[WHAT THIS TASK INVOLVES] Look through the entries below and extract exactly the lines from the one containing "7. Cooked Pasta" through the one containing "SWEATPANTS IN URBAN CHIC", ends included.

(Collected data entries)
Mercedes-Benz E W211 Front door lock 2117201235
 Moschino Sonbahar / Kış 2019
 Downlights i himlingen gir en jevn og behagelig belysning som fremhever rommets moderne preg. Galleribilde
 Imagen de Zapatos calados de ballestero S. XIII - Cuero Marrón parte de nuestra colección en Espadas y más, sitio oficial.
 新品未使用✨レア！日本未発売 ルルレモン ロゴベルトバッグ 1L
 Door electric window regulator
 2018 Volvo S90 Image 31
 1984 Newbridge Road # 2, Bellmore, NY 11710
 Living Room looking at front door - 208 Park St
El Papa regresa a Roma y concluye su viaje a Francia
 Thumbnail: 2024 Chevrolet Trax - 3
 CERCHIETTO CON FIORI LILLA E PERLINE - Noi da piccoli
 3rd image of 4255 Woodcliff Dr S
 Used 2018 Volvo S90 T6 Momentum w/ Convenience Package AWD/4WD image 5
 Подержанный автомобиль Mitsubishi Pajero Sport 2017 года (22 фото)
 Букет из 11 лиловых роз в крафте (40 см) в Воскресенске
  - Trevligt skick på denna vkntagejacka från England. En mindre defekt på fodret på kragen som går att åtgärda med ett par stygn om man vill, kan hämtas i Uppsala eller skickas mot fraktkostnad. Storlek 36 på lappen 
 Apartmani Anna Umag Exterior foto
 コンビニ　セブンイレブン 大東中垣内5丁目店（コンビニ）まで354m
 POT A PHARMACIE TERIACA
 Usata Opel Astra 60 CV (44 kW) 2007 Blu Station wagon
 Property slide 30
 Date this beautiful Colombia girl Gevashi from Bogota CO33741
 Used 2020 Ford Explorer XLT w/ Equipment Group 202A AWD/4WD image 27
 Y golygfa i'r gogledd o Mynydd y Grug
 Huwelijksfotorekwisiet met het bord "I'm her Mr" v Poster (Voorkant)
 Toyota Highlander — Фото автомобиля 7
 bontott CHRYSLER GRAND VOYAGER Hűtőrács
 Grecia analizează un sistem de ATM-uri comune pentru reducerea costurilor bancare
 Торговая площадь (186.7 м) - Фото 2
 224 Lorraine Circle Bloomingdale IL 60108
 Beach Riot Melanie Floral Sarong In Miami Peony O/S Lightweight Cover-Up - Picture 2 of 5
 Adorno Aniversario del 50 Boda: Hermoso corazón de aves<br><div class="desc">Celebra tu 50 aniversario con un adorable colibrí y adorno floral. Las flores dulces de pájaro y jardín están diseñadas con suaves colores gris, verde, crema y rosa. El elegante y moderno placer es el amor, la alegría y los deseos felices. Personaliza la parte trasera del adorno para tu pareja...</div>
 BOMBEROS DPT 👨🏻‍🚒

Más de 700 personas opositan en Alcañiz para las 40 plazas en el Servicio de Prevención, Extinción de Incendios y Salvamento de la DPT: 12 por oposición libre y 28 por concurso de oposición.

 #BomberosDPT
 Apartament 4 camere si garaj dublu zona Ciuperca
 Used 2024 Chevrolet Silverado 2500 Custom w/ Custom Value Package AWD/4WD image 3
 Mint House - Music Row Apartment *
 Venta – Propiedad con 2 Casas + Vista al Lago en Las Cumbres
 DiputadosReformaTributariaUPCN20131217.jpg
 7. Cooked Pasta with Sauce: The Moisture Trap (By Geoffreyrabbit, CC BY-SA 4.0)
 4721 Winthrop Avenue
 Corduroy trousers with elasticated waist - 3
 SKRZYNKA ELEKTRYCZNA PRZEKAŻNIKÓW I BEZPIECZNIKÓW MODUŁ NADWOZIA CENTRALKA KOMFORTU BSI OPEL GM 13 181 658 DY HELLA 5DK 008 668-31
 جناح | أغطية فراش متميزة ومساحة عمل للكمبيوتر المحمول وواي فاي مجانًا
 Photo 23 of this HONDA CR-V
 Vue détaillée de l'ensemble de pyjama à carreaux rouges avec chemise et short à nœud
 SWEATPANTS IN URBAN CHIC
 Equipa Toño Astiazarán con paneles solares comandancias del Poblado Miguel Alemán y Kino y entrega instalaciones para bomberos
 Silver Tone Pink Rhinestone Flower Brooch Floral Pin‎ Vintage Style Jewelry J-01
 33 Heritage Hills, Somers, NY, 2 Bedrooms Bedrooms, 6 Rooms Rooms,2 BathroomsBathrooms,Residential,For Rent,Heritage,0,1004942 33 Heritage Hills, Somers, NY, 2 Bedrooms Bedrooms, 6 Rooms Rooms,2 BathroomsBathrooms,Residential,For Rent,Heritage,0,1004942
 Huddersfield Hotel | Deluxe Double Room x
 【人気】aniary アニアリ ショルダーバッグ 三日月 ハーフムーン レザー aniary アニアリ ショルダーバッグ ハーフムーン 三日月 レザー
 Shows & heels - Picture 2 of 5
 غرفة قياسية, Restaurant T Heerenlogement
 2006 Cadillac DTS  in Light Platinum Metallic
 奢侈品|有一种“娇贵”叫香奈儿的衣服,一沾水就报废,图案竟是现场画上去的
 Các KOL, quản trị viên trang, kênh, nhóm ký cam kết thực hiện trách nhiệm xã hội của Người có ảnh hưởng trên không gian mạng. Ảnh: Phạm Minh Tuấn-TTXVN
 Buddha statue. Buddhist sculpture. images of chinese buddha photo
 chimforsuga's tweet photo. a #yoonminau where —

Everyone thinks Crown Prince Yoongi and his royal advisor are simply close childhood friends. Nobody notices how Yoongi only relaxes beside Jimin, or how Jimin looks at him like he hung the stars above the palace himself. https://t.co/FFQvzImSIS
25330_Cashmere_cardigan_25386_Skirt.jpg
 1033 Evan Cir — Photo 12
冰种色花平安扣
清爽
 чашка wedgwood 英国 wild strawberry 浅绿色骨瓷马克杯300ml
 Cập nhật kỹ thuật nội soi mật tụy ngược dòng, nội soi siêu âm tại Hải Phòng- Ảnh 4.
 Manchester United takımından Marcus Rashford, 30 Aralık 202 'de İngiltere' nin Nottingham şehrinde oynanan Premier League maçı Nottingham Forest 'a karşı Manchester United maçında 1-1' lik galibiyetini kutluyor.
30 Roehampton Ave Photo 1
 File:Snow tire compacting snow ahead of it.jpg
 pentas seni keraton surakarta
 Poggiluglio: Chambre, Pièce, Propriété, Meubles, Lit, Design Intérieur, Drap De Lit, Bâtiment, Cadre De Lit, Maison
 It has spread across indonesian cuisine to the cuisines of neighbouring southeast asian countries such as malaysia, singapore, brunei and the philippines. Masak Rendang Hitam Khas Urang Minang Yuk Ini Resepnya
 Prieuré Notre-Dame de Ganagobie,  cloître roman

[RESPONSE TO THIS EXERCISE]
 7. Cooked Pasta with Sauce: The Moisture Trap (By Geoffreyrabbit, CC BY-SA 4.0)
 4721 Winthrop Avenue
 Corduroy trousers with elasticated waist - 3
 SKRZYNKA ELEKTRYCZNA PRZEKAŻNIKÓW I BEZPIECZNIKÓW MODUŁ NADWOZIA CENTRALKA KOMFORTU BSI OPEL GM 13 181 658 DY HELLA 5DK 008 668-31
 جناح | أغطية فراش متميزة ومساحة عمل للكمبيوتر المحمول وواي فاي مجانًا
 Photo 23 of this HONDA CR-V
 Vue détaillée de l'ensemble de pyjama à carreaux rouges avec chemise et short à nœud
 SWEATPANTS IN URBAN CHIC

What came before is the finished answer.